Lucile Barbery, ancienne éducatrice spécialisée de l’aide sociale à l’enfance devenue photographe, est allée à la rencontre des premiers concernés par la protection de l’enfance : les enfants placés devenus adultes.

« Ils ont des choses à nous dire : Qu’est-ce qui les a tenus ? A quoi se sont-ils accrochés ? Quels ont été les obstacles rencontrés ? La violence n’est jamais bien loin, du petit acte d’apparence anodine aux faits les plus intolérables. Ils se sont majoritairement tus. Aujourd’hui, Leurs voix s’élèvent, se rejoignent. Tout en nuances et finesse. Aujourd’hui ils nous font don de leur savoir, de leur expérience, d’une part de leur vie », explique-t-elle.

Elle a rencontré une vingtaine de personnes*, les a photographiées dans un lieu de leur choix, « un lieu signifiant pour elles ». Elle a écouté leur récit de l’adulte qu’elles étaient devenues, leur regard sur la protection de l’enfance, leur témoignage a été écrit avec les personnes et elles lui ont confié une photo d’elles prise durant le placement. En attendant de pouvoir organiser une exposition, Lucile Barbery nous a confié six portraits avec leurs témoignages, retrouvez celui de Gabrielle déjà en ligne, et découvrez celui de Romain

* Les prénoms ont été modifiés

ROMAIN

Romain, 28 ans, dans un parc de la banlieue grenobloise. (c) Lucile Barbery

" J’ai été placé vers mes 8 ans. Je me suis toujours senti soutenu. Mon assistante sociale nous a suivi du placement jusqu’à la fin de l’accompagnement jeune majeur. J’ai fait de belles rencontres, j’avais toujours quelqu’un sur qui compter, je me suis senti entouré. C’est peut-être pour ça que j’ai bien vécu le foyer. Je suis toujours en lien avec des anciens éducateurs. L’une d’elles est devenue ma marraine, le fil conducteur c’est elle, elle était stagiaire dans mon premier foyer, elle est devenue éduc dans mon second foyer. Maintenant, elle nous a demandé à mon frère et à moi d’être les tuteurs de sa fille s’il lui arrivait quelque chose. Le plaisir c’est aussi d’avoir pu faire des activités qu’en famille j’aurai jamais pu faire.

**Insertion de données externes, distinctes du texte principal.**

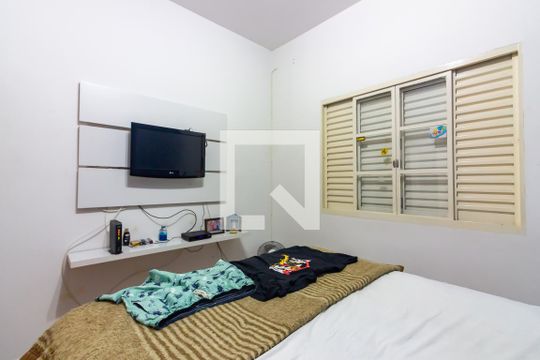 Quarto 1 de casa à venda com 5 quartos, 320m² em Santo Antônio, Osasco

Mais, quand je suis arrivé au second foyer, le juge a décidé qu’on ne pouvait plus voir notre mère. On se faisait punir, on ne savait pas pourquoi. C’est certainement ce qui a causé le décès de ma mère. Je venais d’acheter un souvenir en colonie pour elle, lorsque j’ai appris qu’elle était décédée.
Avec tout ce qui m’est arrivé, j’aurai pu mal tourner. Mais c’est une question de volonté, c’est une sorte de reconnaissance pour mes parents qui sont plus de ce monde.

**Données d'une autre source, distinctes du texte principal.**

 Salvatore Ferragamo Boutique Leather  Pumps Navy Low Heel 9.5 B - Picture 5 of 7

A 21 ans je n’avais plus de suivi par le foyer. Le passage des 21 ans j’avais pas envie. T’entres dans le grand bain. Là t’as intérêt à être débrouillard. Maintenant, j’ai un BTS bâtiment, je suis commercial, j’ai mon appartement, je suis en couple. J’aimerais bien reprendre des études. J’en suis là aujourd’hui, je suis quelqu’un d’épanoui. J’aime bien faire le con, quand on parle de sujets difficiles, j’esquive par l’humour. je lâche pas prise. J’ai un credo : Y’a toujours pire, c’est pas parce qu’il t’arrive une tuile qu’il faut pas continuer à avancer. Tant que t’es pas mort, t’avances ".